Refraction Micro-Tremor

Applications

• Bedrock mapping
• Degree of sediment compaction
• Determination of geotechnical parameters (e.g. shear modulus)
• Void detection
• Liquefaction potential
• Subsurface profiling
• Imaging velocity inversions (hard layer overlying softer layer)

Method

The Refraction Micro-Tremor (ReMi) is a passive, non-destructive seismic method which uses the elastic properties of subsurface materials to determine the subsurface structure. By analysis of the dispersive properties of varying frequencies from ambient ground vibration, shear-wave velocity (Vs) and associated geotechnical parameters can be determined.

ReMi is a passive source method, meaning that ambient, low-frequency ground vibration is recorded over long periods and stacked to produce a frequency dispersion curve which can be used to provide information on the shear velocity to a depth determined by ambient frequency range and array configuration.
Seismic surface waves have dispersion properties that traditionally utilised body waves lack. Differing wavelengths/frequencies have different depth of penetration and therefore propagates with different phase velocity, with an increase in wavelength being proportional to the increased depth of penetration.
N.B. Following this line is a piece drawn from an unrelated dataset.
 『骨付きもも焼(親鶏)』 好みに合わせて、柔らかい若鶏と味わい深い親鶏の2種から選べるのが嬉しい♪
As the Remi method utilises low-frequency ground vibration, deeper imaging of the subsurface is possible overactive source methods such as MASW.
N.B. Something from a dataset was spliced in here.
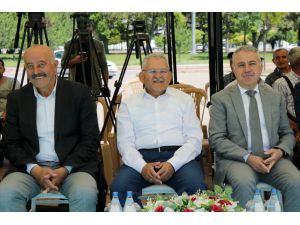 Kayseri Büyükşehir Belediyesinden üreticiye arılı kovan desteği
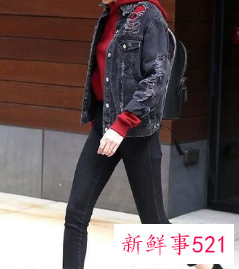 圆领卫衣该怎么搭配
Data Analysis & Presentation

Analysis of the collected ReMi seismic records is concentrated on the S-wave dispersion component. Dispersion curves are generated by stacking 15-20 individual long records to produce an overtone image showing the percentage intensity of phase velocity versus frequency. These curves are then inverted to produce 1D S-wave soundings typically to a depth of up to 30 m. The calculated 1D soundings can then be compiled and gridded to produce 2D sections showing the variation in S-wave velocity both laterally along with the profile and with depth.